Many democrats and progressives that helped to elect Obama through a record number of individual financial contributions believed that his administration would stop the corporate power push, while restoring our civil liberties. On the campaign trail, Obama promised to restrict the warrantless wiretaps of the Bush administration’s Orwellian Uniting and Strengthening America by Providing Appropriate Tools Required to Intercept and Obstruct Terrorism Act, also known as the USA PATRIOT ACT. Yet, when it comes to protecting our civil rights, this President is no different than his predecessor– in February, Obama signed the PATRIOT ACT extension without reform.

Then, as if Obama had never been educated in Constitutional Law or held qualm with the illegal wiretapping under Bush, he stood in defense of warrantless wiretapping while invoking the State Secrets Privilege. Thankfully, in March, a federal judge deemed the National Surveillance Agency’s program of warrantless wiretapping illegal, despite the Obama administrations attempts to dismiss the suit by claiming a trial would lead to the disclosure of “state secrets”.

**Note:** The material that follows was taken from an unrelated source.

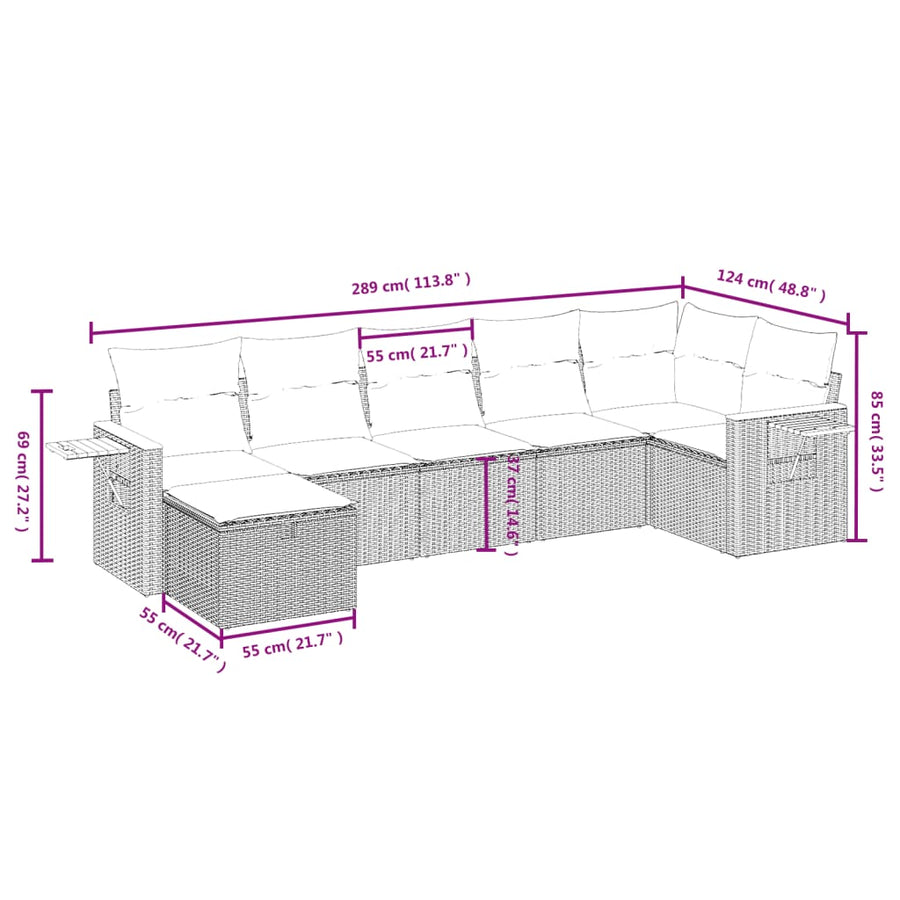 7-Delige Loungeset Met Kussens Poly Rattan Grijs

Interestingly, attorney Steven Goldberg explains in an interview with DemocracyNow! that there have been warrantless wiretapping cases that have not been allowed to proceed in court, because people could not prove that they had been wiretapped. Goldberg represented an Islamic charity that filed suit against the government after receiving a classified document that proved them victims of warrantless eavesdropping. This is the case that brought forward the decision against the NSA, and it is the only case that has been able to prove wiretapping.

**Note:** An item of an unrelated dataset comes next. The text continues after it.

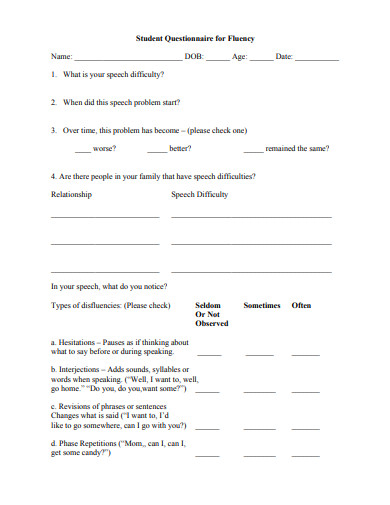 student questionnaire for fluency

It is difficult to know how the government is using its extensive surveillance powers or what other privileges may be drafted and justified through propagandized fear and base emotion. As our government and courts paved the path for the expanding power and influence of corporations, elected leaders and unelected businessmen are working close together shaping policies and ideas as they share positions in think tanks, on boards of directors and in political cabinets. An authoritarian government begins to emerge when unelected leaders join government leaders to institute laws and policies that serve their interest above those of the people, whose rights and political influence are increasingly diminished to nothing more than the symbolic act of voting.